Everything is different this time around in here. Theres no familiar smells and faces since all of us are protecting ourselves with masks, You can’t really smell the popcorns and butter as you enter the theatre anymore because of the mask. It was a completely different experience.

Roohi, produced by Maddock Films who produced Amar Kaushik’s Horror Comedy Stree is another comedy film from the stable, this time helmed by Hardik Mehta whose last Kaamyaab was an ode to cinema and it sort of shows in this film from the very beginning too that it is a film written by Film lovers Mrighdeep Singh Lamba and  Gautam Mehra as you immediately see the film starting with words from Rang De Basant – Which country? and Teen Guna Lagaan! (Lagaan) however as the film progresses from first act to second you start realising that their pen has started dwindling in this one.

Hardik who also plays the groom to Roohi in a quick cameo had every intention to make a film that could be as a good if not better than Stree that it will obviously be compared to, it being not just the same genre and all but as being lead by Rajkumar Rao’s Bhawra Pandey who is a Crime Reporter in a local rag media ‘Mushidabad Zalzala and part time subordinate to  his boss Guniya Shakil’s (Manav Vij) full time Kidnappers Pandit and Riyaz who Kidnap Girls for force marriages that are the town’s traditions without much care of the politics, rules and regulations because as they say, traditions outdo the rules! Obviously! Duh!

And then in the busy wedding season, Guniya has no option to rely on Bhawra and his right hand,  childhood friend Kattanni Qureshi played by Varun Sharma who is still playing his debut role from Fukrey in a new accent in this film too to kidnap a girl without his regulars, the girl this time is Roohi the titular character played by Janhvi Kapoor. What happens next is a Ghost story, A love Triangle with involves 3 bodies and 4 souls! Kattanni in love with Afza the Mudiya Pairi Chudail and Bhawra in love with Roohi, who hosts the witch in her body.

The Jump scares start early but don’t last because they become extremely obvious and dated almost immediately and I feel going forward with this genre of comedy, the makers will try to scare the audience, and if they don’t get scared they will definitely laugh or that’s what they can hope for.

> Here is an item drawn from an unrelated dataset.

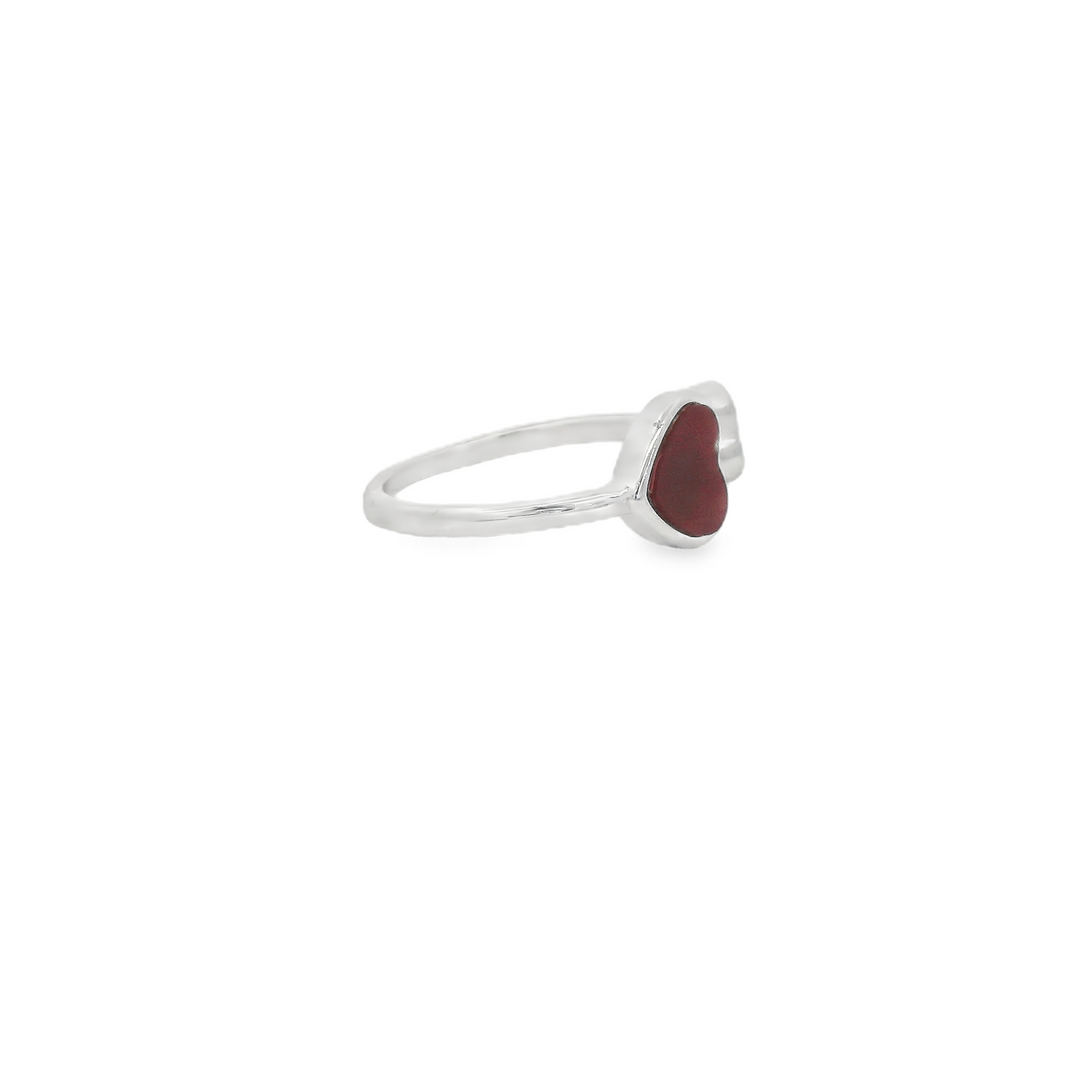 Double Hearts Red Enamel Edition Slim Ring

The chemistry between Varun & Rajkumar is amazing, you are involved in their conversations. It’s one gag after another and that keeps you thoroughly entertained. Janhvi has limited space to perform between these two and prosthetic covered body! I felt that the film gave too much hope with it’s cast  and National Award winning Director (Amdabad Ma Famous) but becomes repetitive very fast, especially after the interval.

The one scene that had me hoping more so was a hand to hand fight scene between the loser friends Bhawra and Kattanni, the moment it happened I immediately thought of a similar scene between Matt Damon and Christian Bale in the super hit hollywood flick Ford Vs Ferrari and I was ready for a similar laugh out loud fight scene but it ends abruptly and seems half hearted, unable to make the audience laugh.

The music department (Sachin-Jigar, Ketan Sodha) have tried something new and different, some may say it falls short but I enjoyed the experiment. Also, thank god that Nadio Paar is not in the film because it wouldn’t have made any sense even as the end titles rolled.

Cinematography is good and Editing is passable if you don’t mind the length.

The film’s disappointment is in the lack of newness, the narrative with a lot of lose ends and the burden of our own hope to see something so magical when we return to the big screen that this extremely interesting setting flickers like a tube light that has the full intention to shine as bring as possible to bring light in the darkness but manages to only give us enough time to find a replacement.

So until the next best thing arrives in cinemas, watch this one with caution eitherway.